Option 2 Provide for an alternative success path for injecting chemicals into the suppression pool. If you chose this option, please provide the following information:
b.1 Provide a description of the alternative injection path, its capabilities for performing the pH control function, and its quality characteristics.
b.2 Do the components which make up the alternative path meet the same quality characteristics required of the SLC system as described in Items 1.1 to 1.5, 2, and 3 above?

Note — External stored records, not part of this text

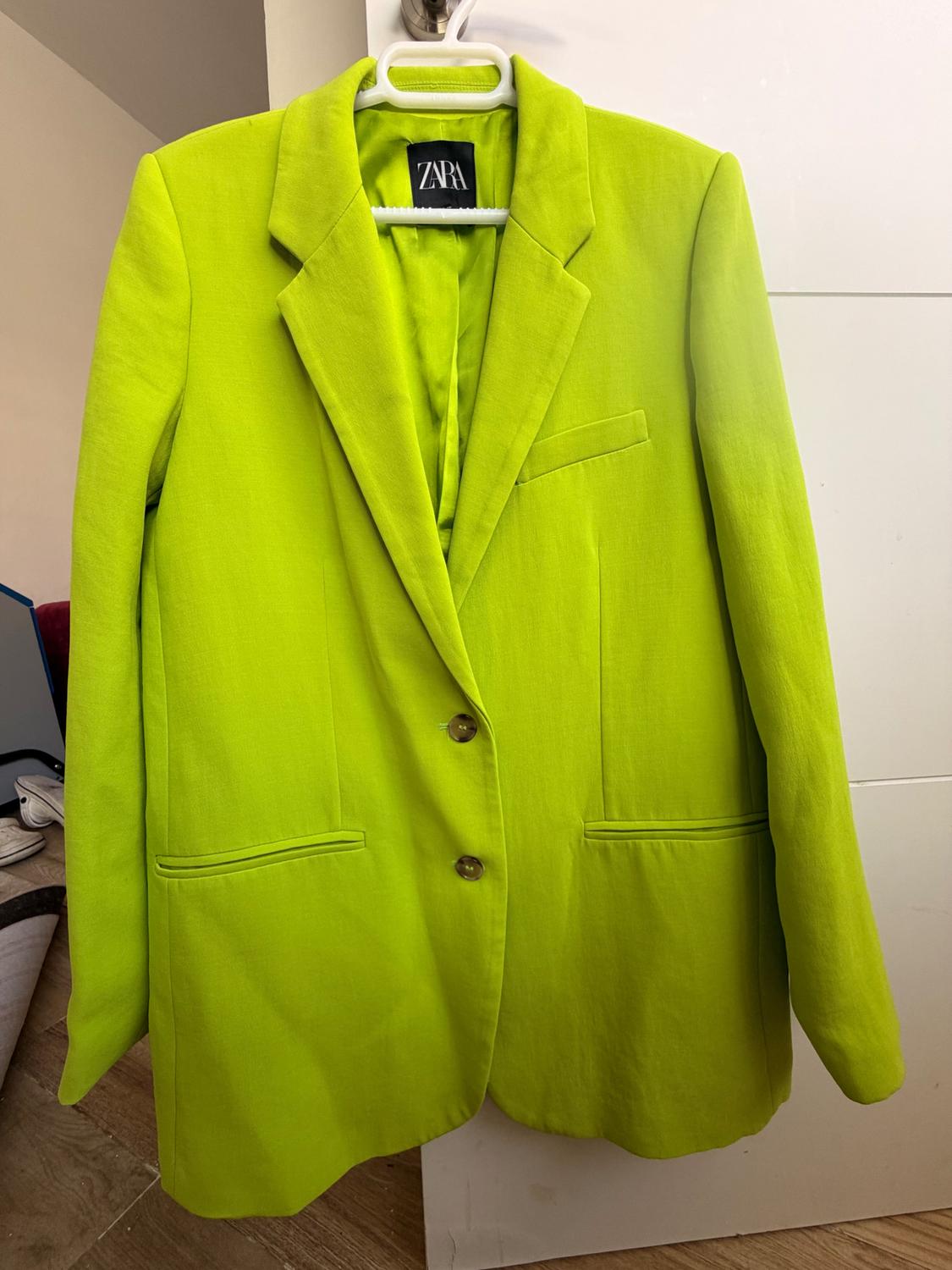 Neon green jacket hanging on a white hanger, with a visible Zara tag, against a white wall background and wooden floor.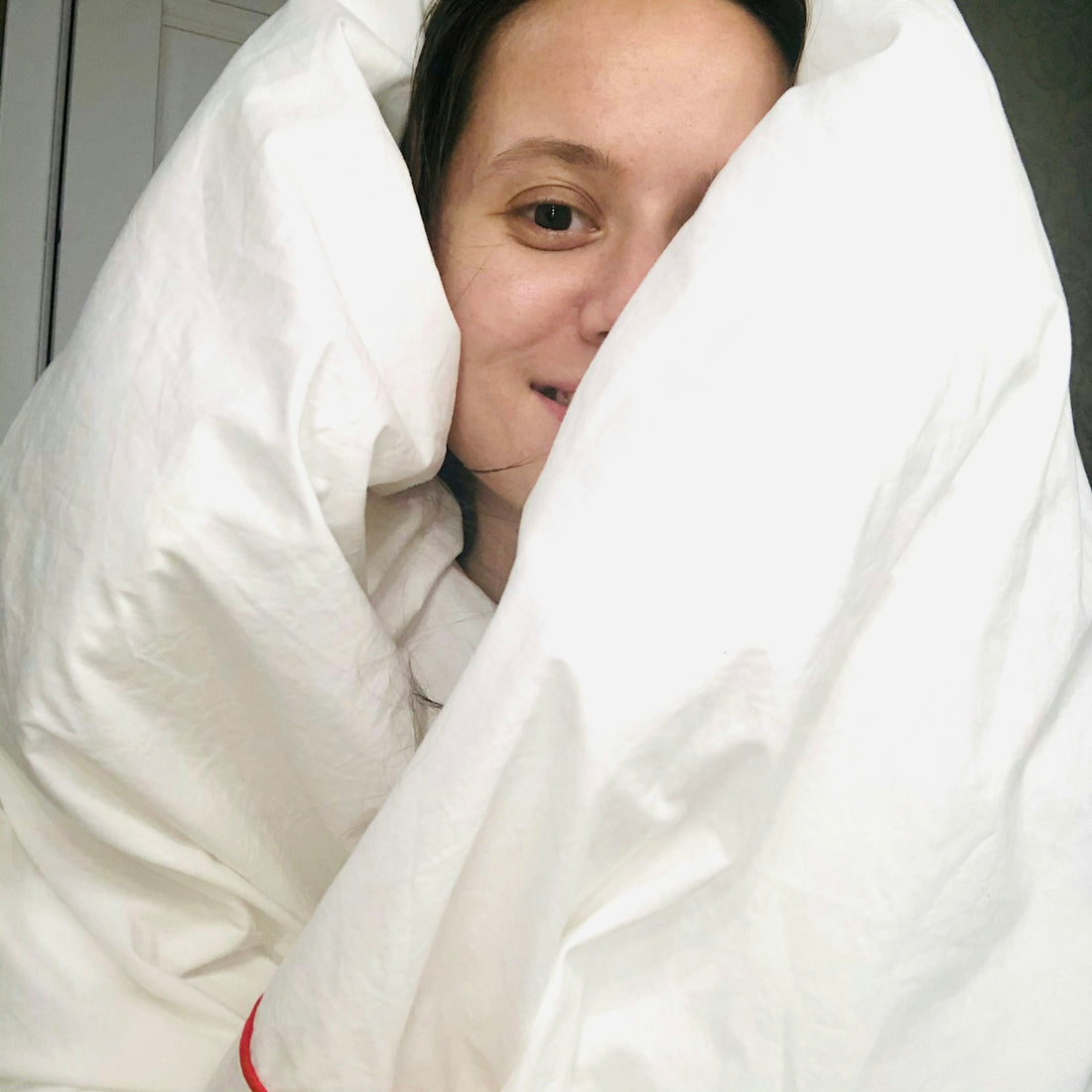 woman lying on bed covered with white blanket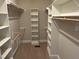 This roomy walk-in closet features built-in shelving and hanging racks at 3709 Valley Pine Ct, Wendell, NC 27591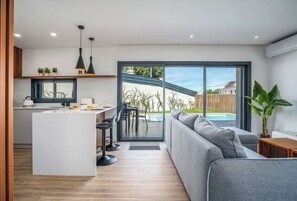 A modern kitchen with a central island, a dining area with chairs, and a large sliding glass door leading to a pool area. - Bright Spacious House | Swimming Pool by HostWise (Porches)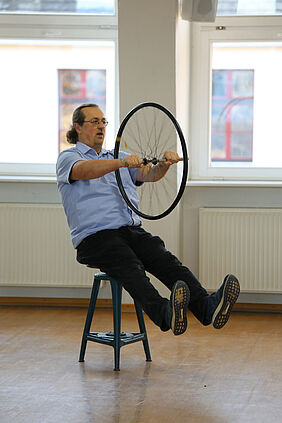 Prof. Böhm sitzt auf einem Drehhocker und hält dabei ein rotierendes Fahrradvorderrad zwischen beiden Händen.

b.3 Does the alternate injection path require actions to be taken in areas outside the control room? How accessible will these areas be? What additional personnel would be required?
c.
Option 3 Show that 10 CFR 50.67 dose criteria are met even if pH is not controlled. If you choose this option, demonstrate through analyses that the projected accident doses will continue to meet the criteria of 10 CFR 50.67 assuming that the suppression pool pH is not controlled. The dissolution of gesium iodide (CsI) and its re-evolution from the suppression pool as elemental iodine must be evaluated by a suitably conservative methodology. The analysis of iodine speciation should be provided for staff review. The analysis documentation should include a detailed description and justification of the analysis assumptions, inputs, methods, and results. The resulting iodine speciation should be incorporated into the dose analyses. The calculation may take credit for the mitigating capabilities of other equipment, for example the SGTS, if such equipment would be available. A description of the dose analysis assumptions, inputs, methods, and results should be provided. Licensees proposing this approach should recognize that this option will incur longer staff review times and will likely involve fee-billable support from national laboratories.
44.
Page 16 of Attachment 1 states the transfer of radioactive gases into the control room are minimized by maintaining the control room at a positive pressure of 0.1-inch water column with respect to adjacent areas during emergency pressurized modes. Unit 1 TS 3.7.2 states that the control room is maintained at 1/8-inch water gauge positive pressure. This is equivalent to 0.125-inch water column. Verify that the 0.1-inch water gauge was inadvertently truncated and that LGS is not requesting to change its license basis to 0.1-inch water gauge or provide justification for your proposed change.